I’ll tell you how to do it. Download this national map from the U.S. Census and you’ll discover that wilderness may be closer than you know. Because we have always defined wilderness as any place with less than 2 permanent residents per square mile, and this map shows that there are still plenty of such areas within easy driving distance of just about everyone in the Lower 48. Here’s a couple of examples from wilderness zones thgat I know:
New York: Franklin County – The population density is 31 per square mile, but that’s only because you’re in the Lake Saranac region where tourism abounds. But drive along State Route 30, look for Travers Road about three miles south of the town of Malone and drive east about 500 feet. The road crosses a small creek – park your car there and walk alongside the stream. As soon as you can no longer see the road you’re all alone. As you walk along the bank of the stream, the larger prints are moose.
Virginia: Highland County – Take I-81 through Shenandoah, get off in Winchester and go west on U.S. Highway 50, go left on Route 614 and now you’re in what is called Shawnee Land. Which is a big trailer park with a street actually called Geronimo Lane. But if you drive past that mess and then make a right turn on Route 612, follow the power lines for about half a mile and you’re completely in a wilderness zone.

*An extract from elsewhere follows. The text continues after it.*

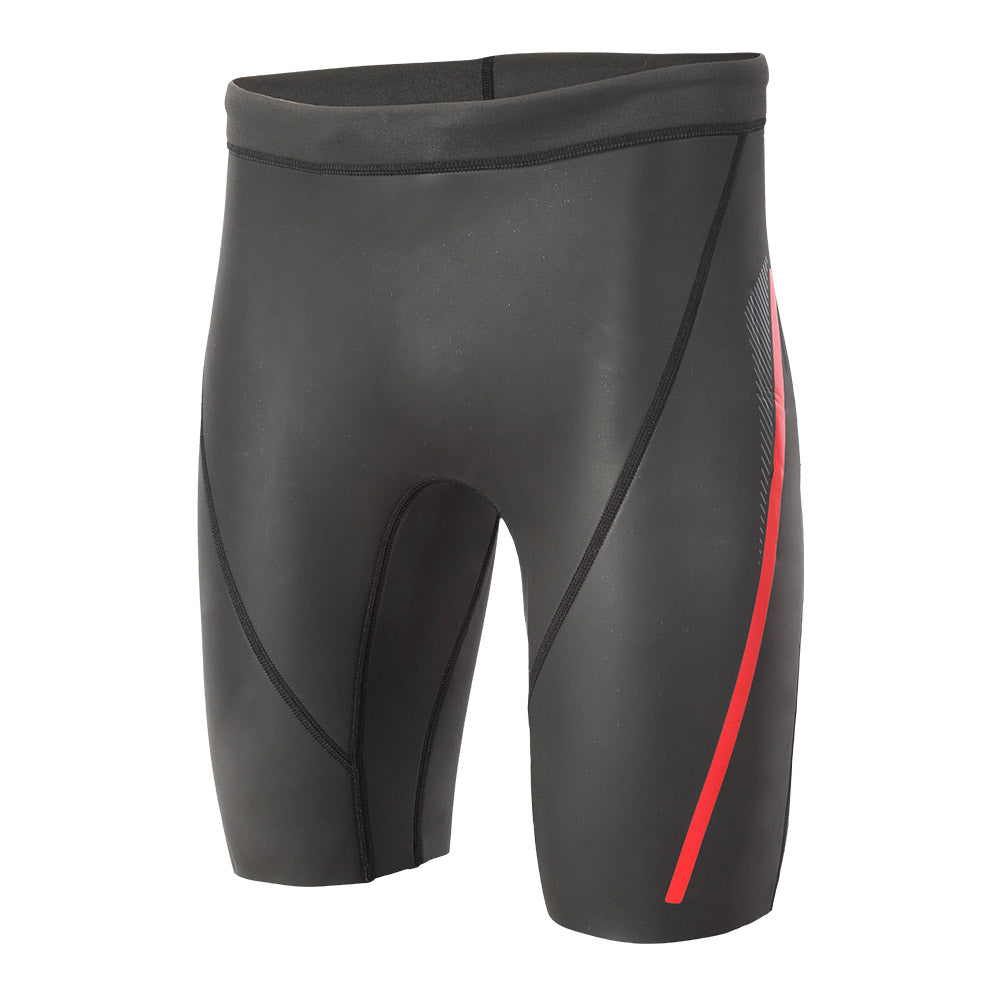 Zone 3 Neoprene Jammer Shorts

Georgia: Echols County – In the olden days before they built all those interstates, one of the main routes down to Florida was U.S. Highway 441. You can still take it all the way through the middle of Georgia (it runs between Miami and Tennessee) but figure you want to stop just before you hit the Florida line, just out of Fargo, and walk along the banks of the ol’ Suwanee. Some places you’ll find a few folks, many places you won’t.
So here are three spots that are within a day’s drive of the 112 million people who live on the East Coast. And I could easily extend this list to every part of the Lower 48. The point is that wilderness still exists all around us and a wilderness adventure doesn’t have to be a big deal. The only thing you need to take with you is a little water if it’s a warm day and some sunscreen even if you’re going into the woods.
And the one thing you don’t need to take along in order to enjoy your walk is a gun. Because a gun is heavy, it’s a pain in the neck, and you don’t need to protect yourself or anyone else from the animals or the people you might meet along the way. And that would be just as true if you were walking down a city street except the only animals you’d probably see in New York or Boston are a few dogs or a stray cat.
Take a walk this weekend and think about what Jane Goodall said.